- What is being asked
The data below is to be transcribed word for word; pictures are to be excluded.

(Data to examine begins)

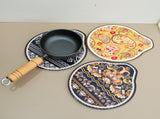 Blue-black Set of 4 Embossed Ceramic Paddle Mats - Assorted Bohemian Pattern Heat Resistant Pads V888-ELOSUNG28026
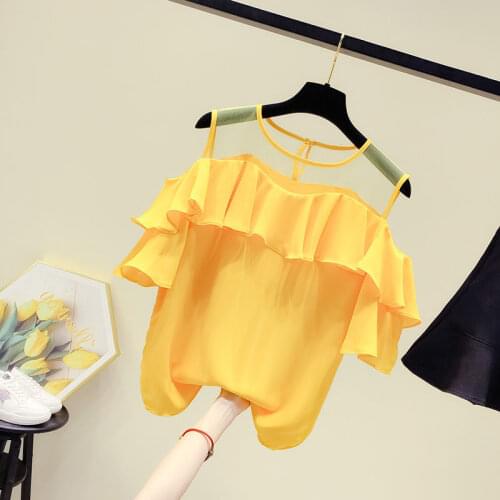 Summer fashion chiffon shirt women 2021 new off-shoulder western short-sleeved shirt loose and thin ruffled bottoming shirt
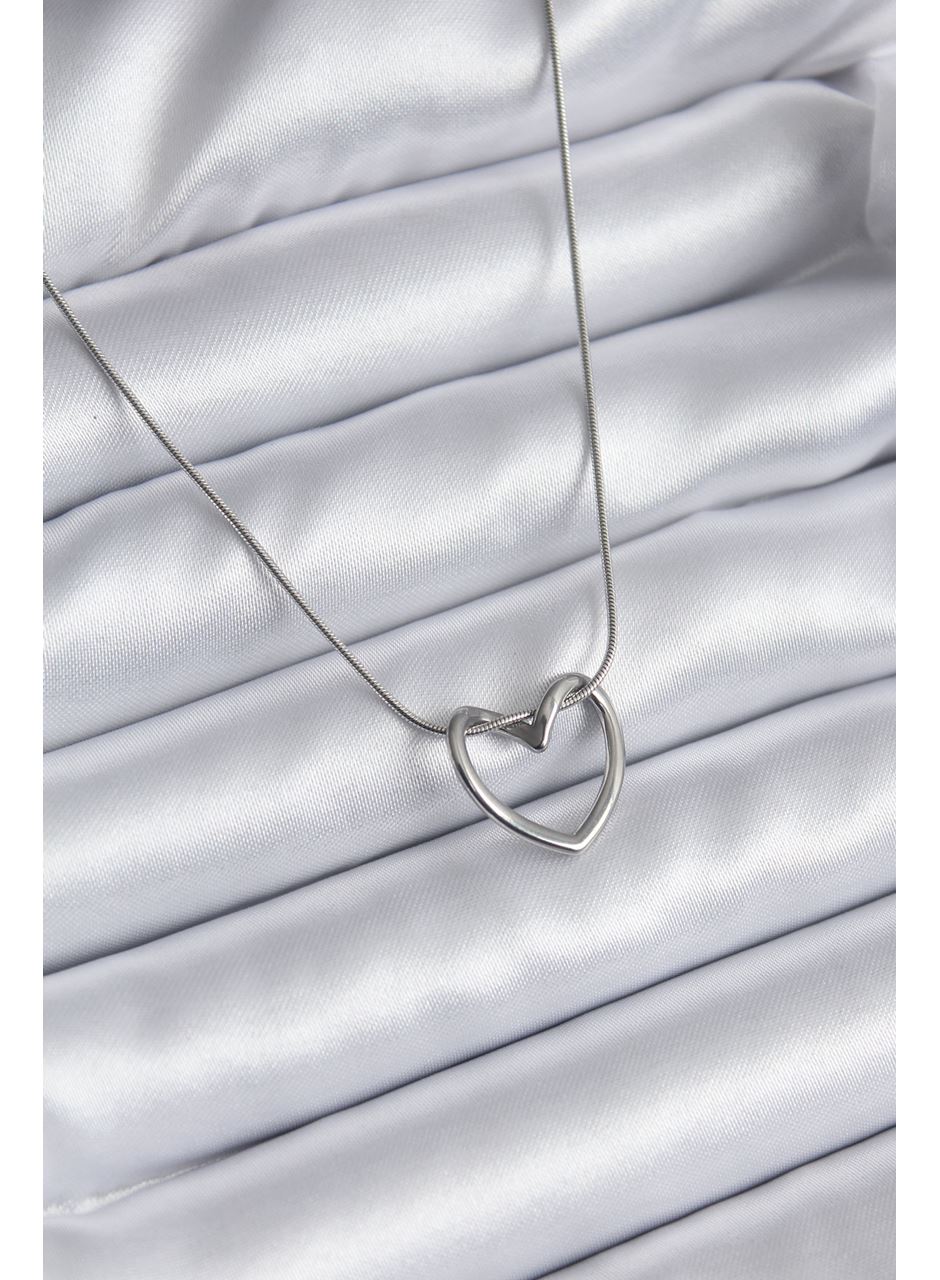 316L Çelik Gümüş Renk Kalp Model Kadın Kolye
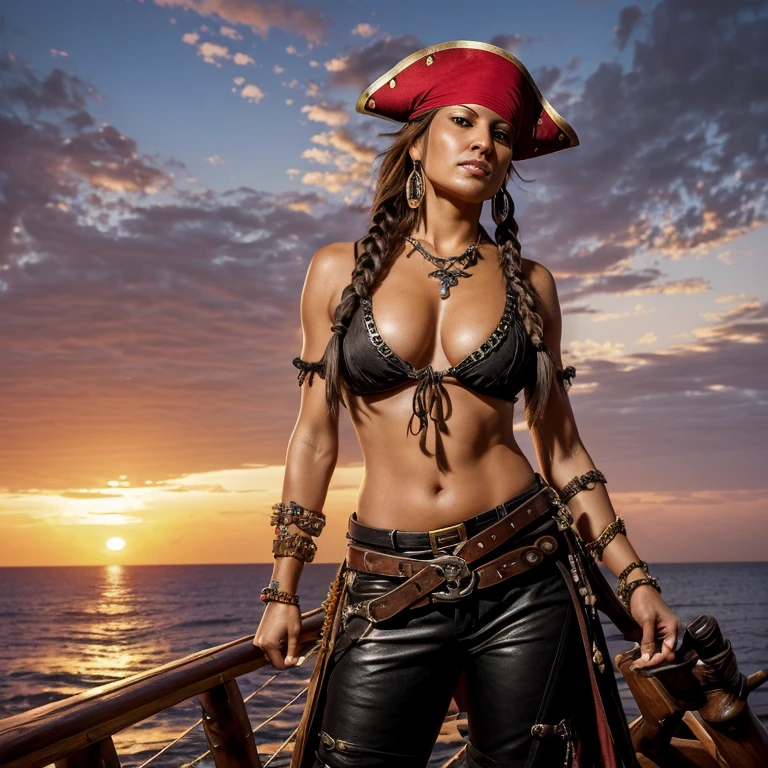 (masterpiece, high resolution, pirate queen:1.2), Karla Jaeger, fierce and cunning, (feral grin:1.1), pirate attire adorned with skulls and bones, (braided hair:1.1), decorated with beads and feathers, (dual pistols:1.1), holstered at her hips, (wooden peg leg:1.1), testament to battles won, (sunset on the horizon:1.1), hues of orange and red painting the sky, (hidden cove:1.1), ship anchored in secrecy, (treasure chests:1.1), overflowing with riches, Karla Jaeger plotting her next daring raid, a legend feared by all who sail the seas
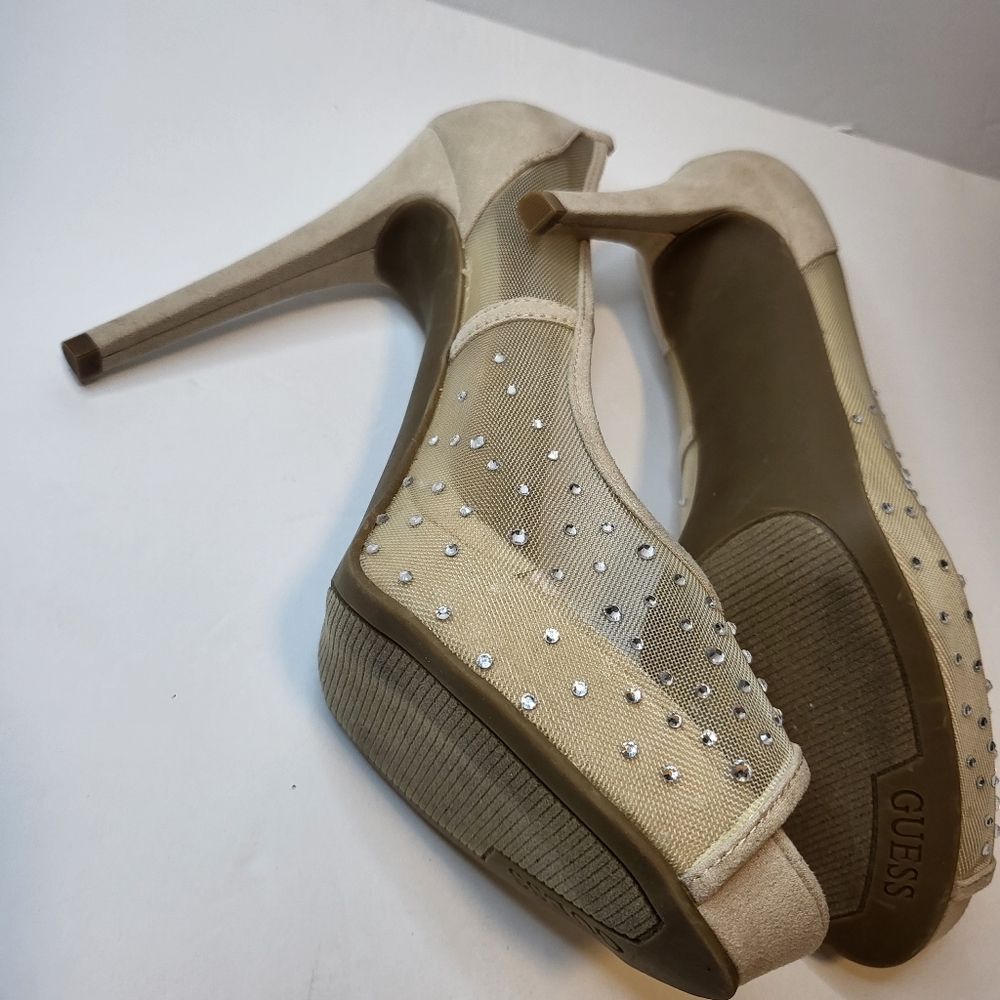 GUESS NUDE SPARKLE HEELS SIZE 10​ - Picture 8 of 9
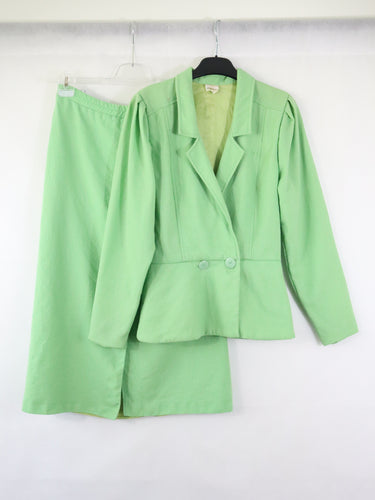 Kaisu Heikkilä made in Finland vaaleanvihreä villasekoitekankainen kotimainen vintage jakkupuku C34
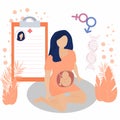 Pregnant women with illustration of embryo on her stomach sitting near medical history. Concept vector illustration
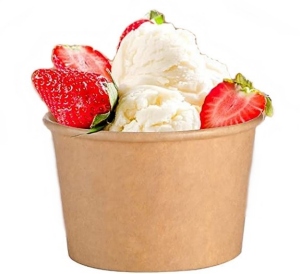 Ice cream/dessert cups organic kraft paper 480ml 100 pieces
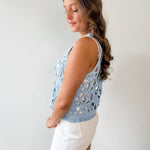 Crochet Cropped Fringe Top - Deep Sky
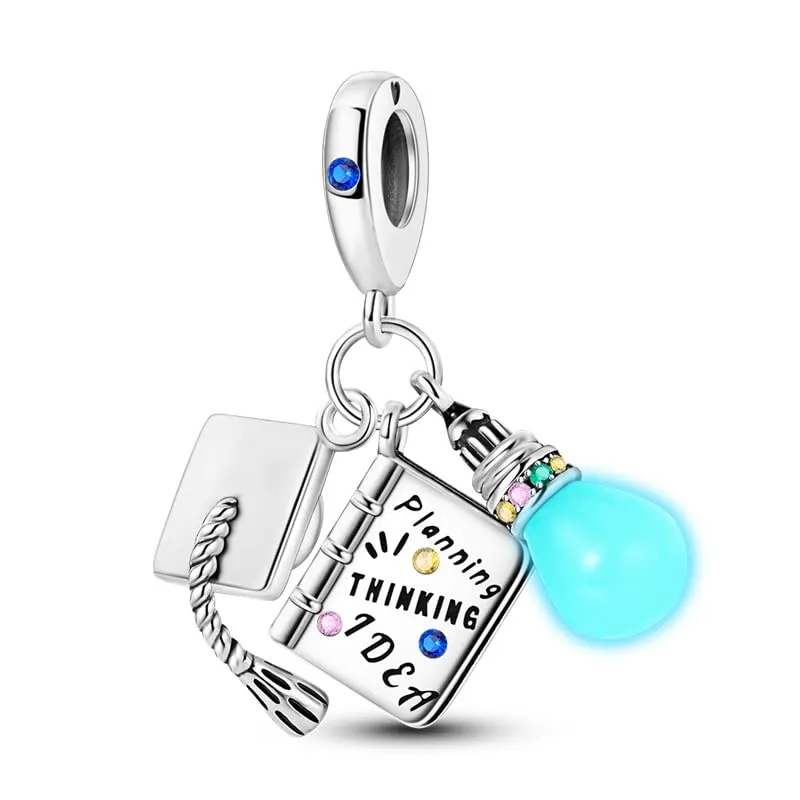 KUNSIR Bead Charm Ciondolo in Argento Sterling 925 con Cubic Zirconia per Braccialetti e Collane Europei - immagine 2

(Data to examine ends)

- Task solution
 Blue-black Set of 4 Embossed Ceramic Paddle Mats - Assorted Bohemian Pattern Heat Resistant Pads V888-ELOSUNG28026
 Summer fashion chiffon shirt women 2021 new off-shoulder western short-sleeved shirt loose and thin ruffled bottoming shirt
 316L Çelik Gümüş Renk Kalp Model Kadın Kolye
 (masterpiece, high resolution, pirate queen:1.2), Karla Jaeger, fierce and cunning, (feral grin:1.1), pirate attire adorned with skulls and bones, (braided hair:1.1), decorated with beads and feathers, (dual pistols:1.1), holstered at her hips, (wooden peg leg:1.1), testament to battles won, (sunset on the horizon:1.1), hues of orange and red painting the sky, (hidden cove:1.1), ship anchored in secrecy, (treasure chests:1.1), overflowing with riches, Karla Jaeger plotting her next daring raid, a legend feared by all who sail the seas
 GUESS NUDE SPARKLE HEELS SIZE 10​ - Picture 8 of 9
 Kaisu Heikkilä made in Finland vaaleanvihreä villasekoitekankainen kotimainen vintage jakkupuku C34
 Pregnant women with illustration of embryo on her stomach sitting near medical history. Concept vector illustration
 Ice cream/dessert cups organic kraft paper 480ml 100 pieces
 Crochet Cropped Fringe Top - Deep Sky
 KUNSIR Bead Charm Ciondolo in Argento Sterling 925 con Cubic Zirconia per Braccialetti e Collane Europei - immagine 2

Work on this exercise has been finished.